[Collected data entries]
· · · ·

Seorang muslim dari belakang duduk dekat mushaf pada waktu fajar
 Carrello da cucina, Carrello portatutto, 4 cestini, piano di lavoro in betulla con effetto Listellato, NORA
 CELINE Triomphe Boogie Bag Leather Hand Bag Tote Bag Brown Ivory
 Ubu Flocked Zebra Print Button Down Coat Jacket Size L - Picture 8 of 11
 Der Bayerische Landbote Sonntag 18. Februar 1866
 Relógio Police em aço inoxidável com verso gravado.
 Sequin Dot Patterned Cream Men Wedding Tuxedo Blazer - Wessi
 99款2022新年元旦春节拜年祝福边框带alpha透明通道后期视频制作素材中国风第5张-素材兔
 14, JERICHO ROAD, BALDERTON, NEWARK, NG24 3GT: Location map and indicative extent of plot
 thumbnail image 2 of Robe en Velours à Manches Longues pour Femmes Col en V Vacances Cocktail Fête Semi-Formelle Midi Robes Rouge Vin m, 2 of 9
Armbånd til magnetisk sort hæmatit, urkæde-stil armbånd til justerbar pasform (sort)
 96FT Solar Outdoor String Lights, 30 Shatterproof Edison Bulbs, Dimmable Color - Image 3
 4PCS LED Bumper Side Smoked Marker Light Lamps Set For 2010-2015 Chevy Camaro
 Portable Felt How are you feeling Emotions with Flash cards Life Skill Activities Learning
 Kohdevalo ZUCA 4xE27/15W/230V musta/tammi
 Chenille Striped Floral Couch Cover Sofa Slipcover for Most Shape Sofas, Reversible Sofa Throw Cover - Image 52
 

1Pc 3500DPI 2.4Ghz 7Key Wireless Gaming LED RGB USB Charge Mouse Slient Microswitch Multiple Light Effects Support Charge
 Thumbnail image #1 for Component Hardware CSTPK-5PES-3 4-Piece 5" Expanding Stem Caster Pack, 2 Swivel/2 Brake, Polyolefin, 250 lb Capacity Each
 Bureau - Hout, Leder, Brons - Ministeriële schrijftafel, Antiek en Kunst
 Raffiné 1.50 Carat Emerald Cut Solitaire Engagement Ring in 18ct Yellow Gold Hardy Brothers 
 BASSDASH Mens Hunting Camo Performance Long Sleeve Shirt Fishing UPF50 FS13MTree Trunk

· · · ·

▶ [What is being asked]
Return exactly the lines from the beginning of the data above through the one containing "Der Bayerische Landbote", please. Include both end lines and add nothing else.

▶ [Response to the exercise]
Seorang muslim dari belakang duduk dekat mushaf pada waktu fajar
 Carrello da cucina, Carrello portatutto, 4 cestini, piano di lavoro in betulla con effetto Listellato, NORA
 CELINE Triomphe Boogie Bag Leather Hand Bag Tote Bag Brown Ivory
 Ubu Flocked Zebra Print Button Down Coat Jacket Size L - Picture 8 of 11
 Der Bayerische Landbote Sonntag 18. Februar 1866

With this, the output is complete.